Ron DeSantis' Disney Attack Shows He's Grown Beyond Florida

Florida Governor Ron DeSantis could benefit politically from his dispute with the Walt Disney Company, and the media attention the matter has attracted may show he's grown beyond his state and is taking his place on the national stage.

DeSantis, who is seen as a strong contender for the 2024 presidential nomination, called on the state legislature to dissolve the Reedy Creek Improvement District (RCID), which allows Disney to run its own local government in the area of central Florida where its theme parks are located.

That move has come as DeSantis has taken aim at Disney for its public opposition to the new education law that critics have dubbed the "Don't Say Gay" law, which came into effect on March 28.

That law - and Disney's reaction to it - have become part of a much broader issue among conservatives who are opposed to what they describe as "woke" policies.

The law, known as the Parental Rights in Education law, prohibits "classroom discussion about sexual orientation or gender identity in certain grade levels or in a specified manner."

Disney had initially faced criticism, including from some its employees, for not speaking out against the law, but later came out forcefully against it, pledging to work to have the law repealed or struck down in the courts.

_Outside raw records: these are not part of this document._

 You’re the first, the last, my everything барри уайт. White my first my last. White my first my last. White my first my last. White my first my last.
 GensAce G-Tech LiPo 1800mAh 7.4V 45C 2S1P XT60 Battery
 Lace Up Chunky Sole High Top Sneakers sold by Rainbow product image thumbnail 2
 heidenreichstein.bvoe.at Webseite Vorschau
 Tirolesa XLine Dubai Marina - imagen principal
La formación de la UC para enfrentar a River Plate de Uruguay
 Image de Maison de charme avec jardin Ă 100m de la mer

The Florida state Senate handed DeSantis a win on Wednesday when it passed a bill that would sunset the RCID as of June 1, 2023. The bill will still need to be approved in the Florida House of Representatives, with a vote expected on Thursday.

Experts who spoke to Newsweek suggested that DeSantis' feud with Disney will play well with Republican voters nationwide, but that there could be negative effects on some taxpayers in Florida.

Walking the Walk

Thomas Gift, founding director of University College London's Centre on U.S. Politics, told Newsweek that DeSantis was positioning himself as a Republican who takes action on issues GOP voters care about.

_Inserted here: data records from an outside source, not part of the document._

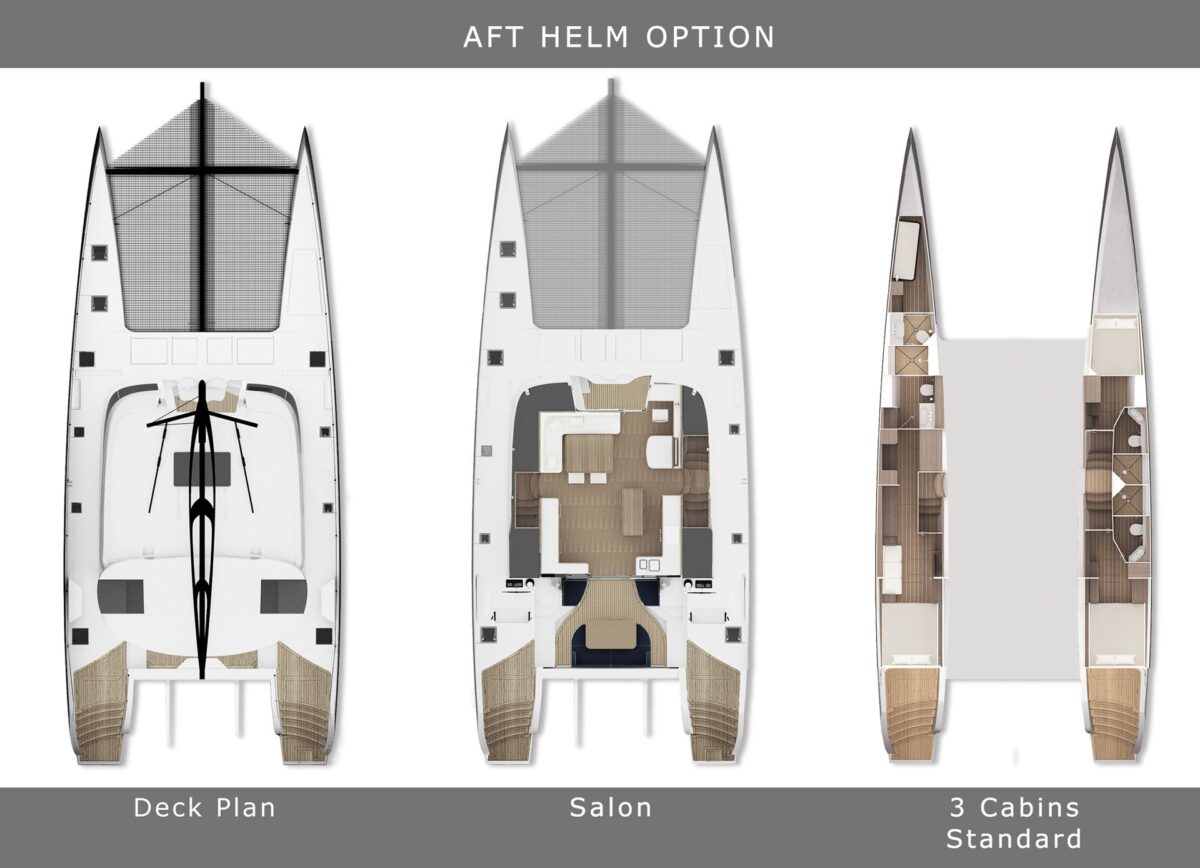 General arrangement of the aft helm HH66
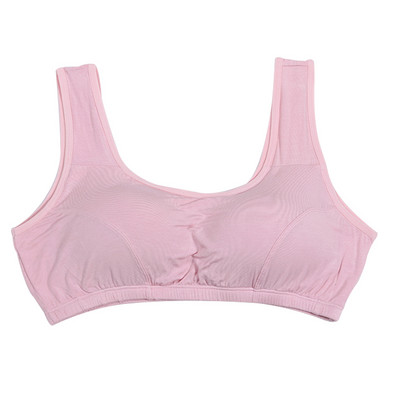 Sutien de mărime mare pentru femei Sutien fix din burete Lenjerie de corp Piept Somn Yoga Sutien sport Vest Top Bralette din bumbac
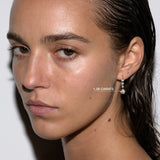 Dorsey - 14K HENRIETTA 4-STONE DROP EARRINGS IN LAB DIAMOND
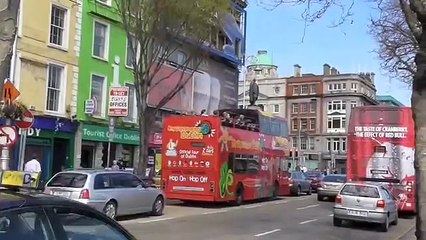 Walking Around Dublin's Fair City - Important Tourist Sights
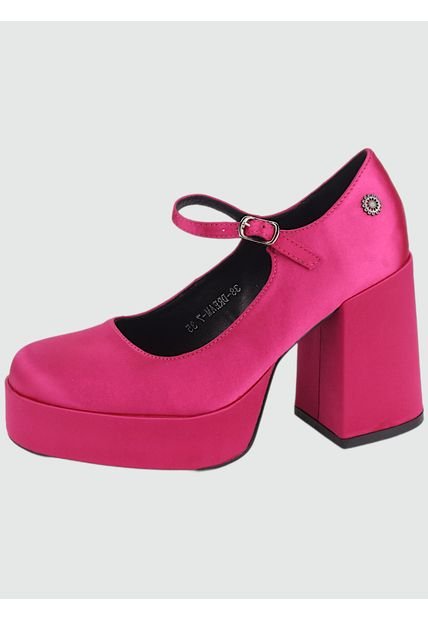 Zapato Clora-4 Casual Fucsia Chalada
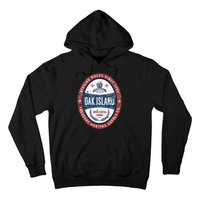 Oak Island Treasure Hunting Retro Templar Knight Treasure Hoodie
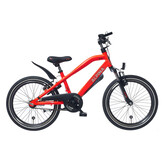 Alpina Trail jongensfiets 20 inch Deep Red Mat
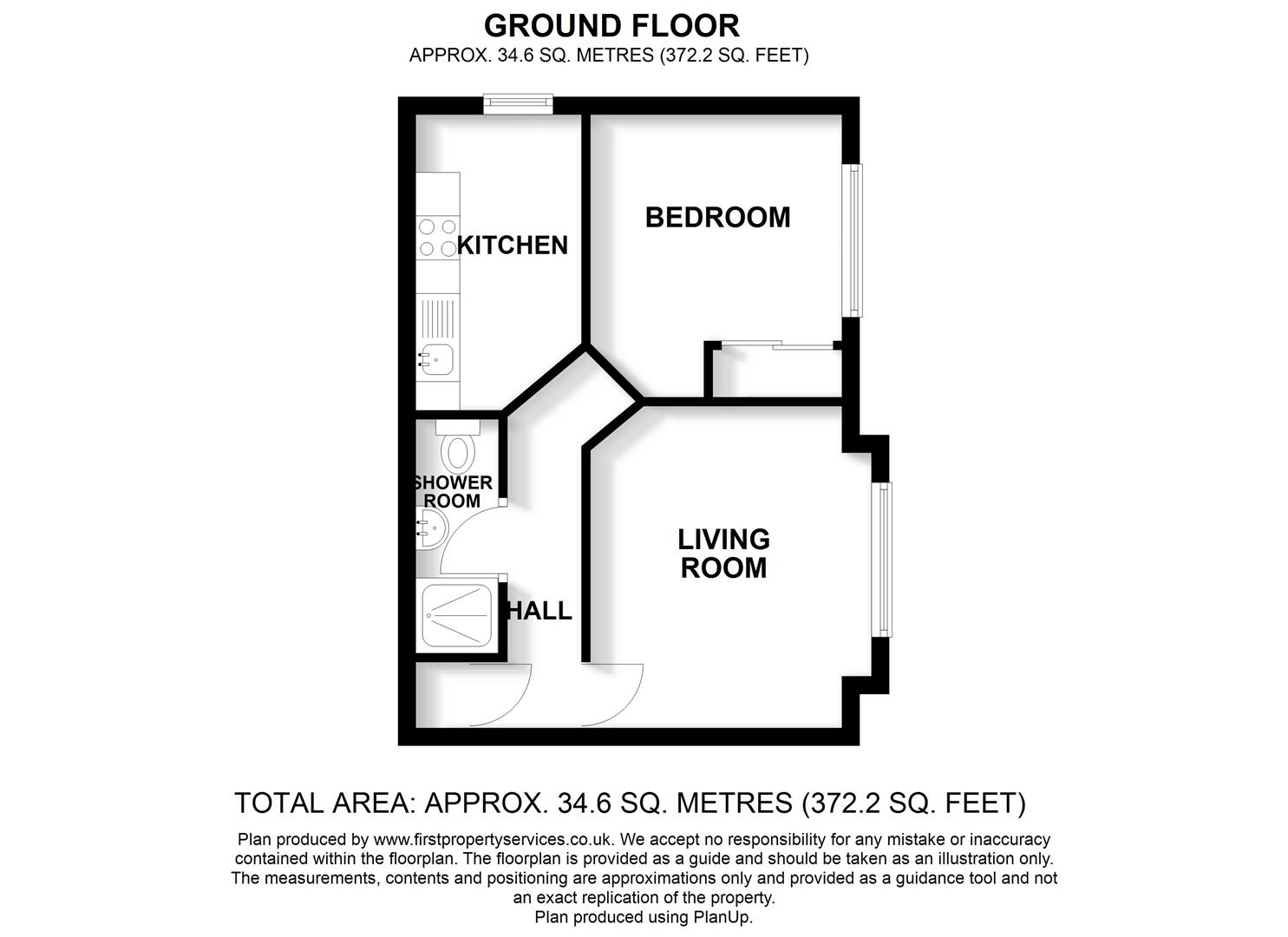 42, Probert Close, Crewe floorplan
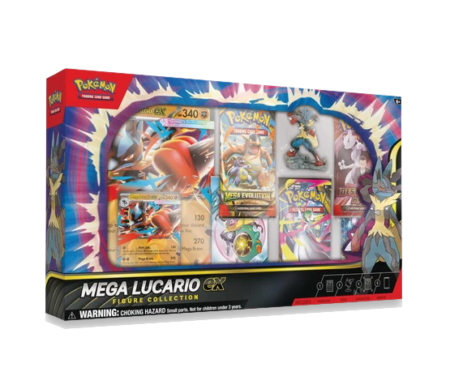 Pokemon Mega Lucario ex Figure Collection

"DeSantis' latest maneuver against Disney is more evidence of how Florida's governor looks to position himself for a 2024 bid: as the candidate who's not just talking the talk, but walking the walk," Gift said.

"While Trump may be the master of using rhetoric to stoke the culture wars, DeSantis can say he's been in the trenches actually fighting these battles," Gift said.

Former President Donald Trump is still the favored candidate for the 2024 Republican nomination and has repeatedly teased another run at the White House, while DeSantis has been emerging as a potentially viable alternative for months.

'Woke' Disney

Richard Foglesong, a retired professor of political science at Rollins College, Florida, told Newsweek that the governor's approach will appeal to those voters who may be key to his presidential ambitions.

"Ron DeSants' attack on Disney for being 'woke' will warm the heart of Republican presidential primary voters, should he run," Foglesong said.

"This attention comes with two liabilities, however. Donald Trump and corporate America may both feel more threatened by him," he added.

Thomas Gift said that DeSantis was staking out a position for himself amid the so-called "culture wars."

"Whether it's Critical Race Theory, a 'Don't Say Gay' bill, or Mickey and Minnie going woke, DeSantis is framing himself as the ultimate culture warrior taking dead aim at far-left targets," Gift said.

"For DeSantis, revoking Disney's special governing status is just another opportunity he can use to prove his mettle as the ultimate Republican foot soldier," he said.


However, potentially dissolving Disney's Reedy Creek Improvement District also carries liabilities - including financial ones.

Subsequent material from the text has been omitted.